Drostan brought to voice what Ardeth was, at that moment, thinking, "I've been with her about her whole life. I mean, you know, through all the shit with her folks and my folks and all." He tapped his ashes off of his leg where they had fallen. "And I was there, when it happened." He pointed to his eye with a quick cutting jut of his finger. "I'm the only one 'oo can understand."

He meant to brag, Ardeth knew. He meant to show off that he was more equipped to handle Boann's conspicuous troubles. But what he had really done was give Ardeth another piece of her, bring him a bit closer, simply by knowing that she hadn't been alone when it happened. She hadn't been alone, and she was in Egypt. She must have been twelve, around, once he'd done up the math. That was all he knew. That, and that it had been cut.

But Drostan continued: "And when something awful like that happens, and another person's there, it kinda brings the two of ye t'gether, I guess, a bit. Brady'd married her, but he din love 'er. Not like I will, when we get married. I know no one else will, just me." He stated confidently. But Ardeth was numbing to his boasting, instead intent on drawing out of him as much as possible given the opportunity.

"You had said before, though, that it was so awful. Why do you now say it was?"

Drostan, who's head was still a bit tight and mouth slack, thought hard to remember having said this. Upon remembering having said it, he then thought hard to remember why. Once this was established, the numbers totaled with his thinking on what he should say next.

"I guess what I meant is that... for me, it was the most terrible thing to happen in my life," and Ardeth was slightly touched that he would reveal this tender confession, his face maintaining it's stony composure while his heart squished a little. "But for Boann, it really wasn't. I mean, she'd do it again, I think. Maybe. I dunno, maybe it was the worst, but I dunno if anyone else but her'd think it was. You know, other's say other stuff was the worst. And maybe she'd agree." He paused a moment, his thoughts deepening within his swollen mouth. "I think Kell dying was the worst. Maybe Boann being born was the worst. I dunno. I couldn't tell you how far back the worst one goes.

"But I'll tell ye this. Diarmuid used to say that a lass's face was the much less ugly arrow pointin' to 'er loins. If ye asked Boann she'd say that was true, even fer'er."

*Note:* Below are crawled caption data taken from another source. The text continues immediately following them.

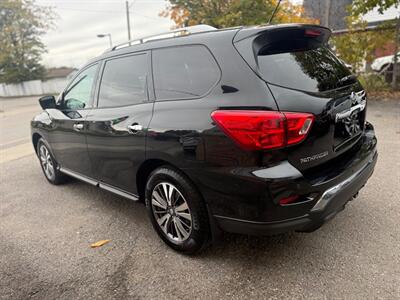 2017 Nissan Pathfinder SL - Photo 4 - Oshawa, ON L1H 3M2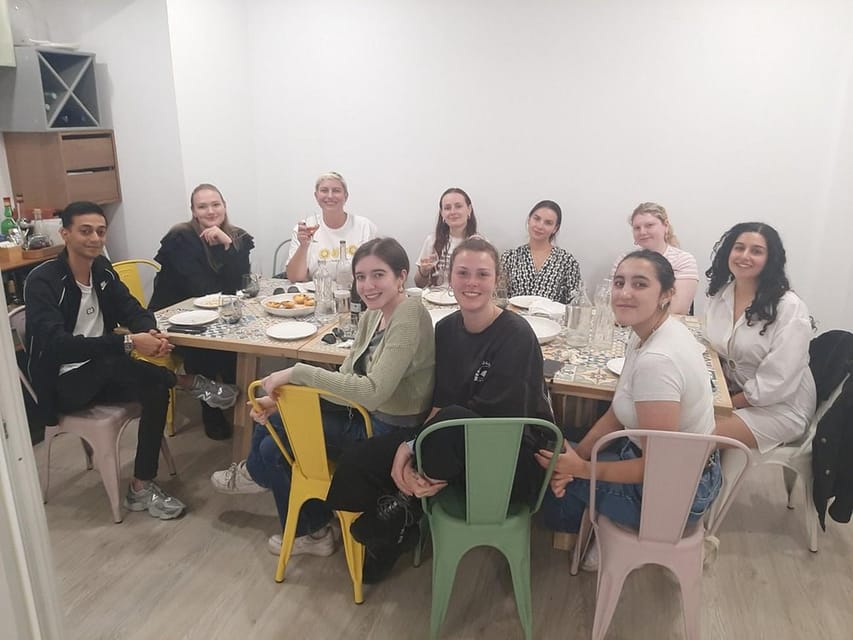 Lisbon: Pasteis de Nata Baking Class - Timing, language, and access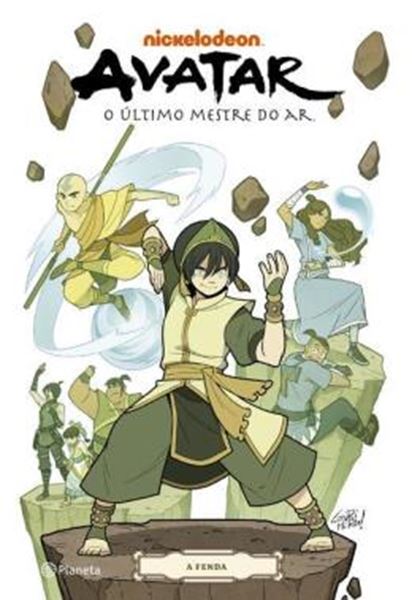Picture of AVATAR - O ULTIMO MESTRE DO AR: A FENDA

At that Drostan stood and walked off to his tent. Ardeth was unsure of what the last comment had to do with the high point of Boann's pain. The pieces were still far to jumbled to put together at this point.

Ardeth settled down to an uneasy shift at the watch. He hd hoped to see Boann pray, and then sleep. Perhaps approach her sleep-limp body, stroke the soft hairs on her arms, the circumference of the bulge of her chin. But instead, she just sat there, a few meters away, every now and again moving her head slightly. And when he awoke the next morning she was no longer there, having risen before sunrise, as usual.